Clinicians should define microhematuria as the microscopic evaluation of a single urine specimen that reads ≥3 red blood cells per high-power field (RBC/HPF). A recent study of more than 46,000 patients found that the highest sensitivity for identifying bladder cancer and lowest negative likelihood ratio existed at ≥3 to 10 RBC/HPF.
In their initial evaluation of patients with microhematuria, clinicians should dispense with urine cytology or urine-based tumor markers in favor of a risk-stratified approach classifying patients as low, intermediate, or high risk for genitourinary malignancy based on certain parameters. Not enough data exist to support the clinical benefits of these markers in patients undergoing cystoscopy to identify bladder cancer, according to the authors.
“Clinicians may obtain urine cytology for patients with persistent microhematuria after a negative work-up who have irritative voiding symptoms or risk factors for carcinoma in situ,” the panel advised.
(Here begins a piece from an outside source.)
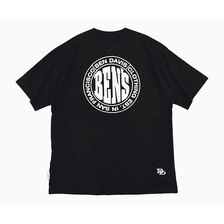 BEN DAVIS Circle Bens S/S Tee C-25580009画像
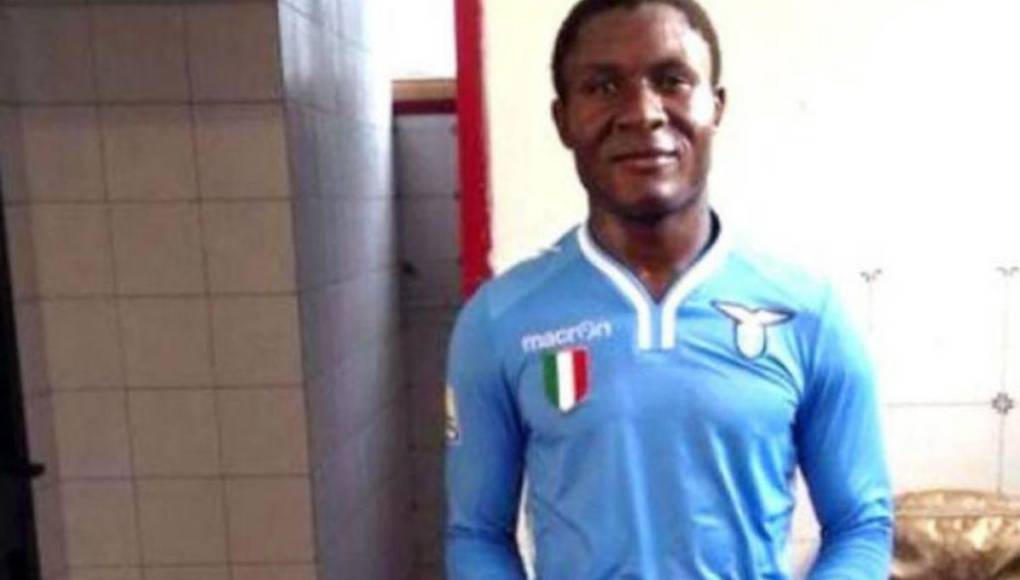 Joseph Minala, jugador que tenía 17 años pero aparentaba 42 ¿Qué fue de él?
Looking forward, gaps in knowledge in this area warrant further exploration of additional approaches and technologies. This includes new automated instruments that operate on flow cytometry or digitized microscopy to perform UA. “These machines may not correlate directly with traditional urine microscopy, and thus it will be important to determine if the threshold of 3 RBC/HPF used in the guideline will be an equivalent predictor of risk when these new technologies are used in evaluation,” wrote the authors.
Urinary biomarkers may also serve as a useful tool in tailoring evaluation approaches in microhematuria patients. “Urothelial cancers are in contact with the urine, and this fact has been utilized to evaluate the differential expression of proteins, RNA, DNA, and changes in methylation and cells among patients with malignant and benign conditions,” the authors noted.
Multiple candidate markers are being evaluated as aids in detecting bladder cancer in patients with hematuria. Guideline authors mentioned a prospective trial underway that will randomize participants based on clinical risk and urinary marker status.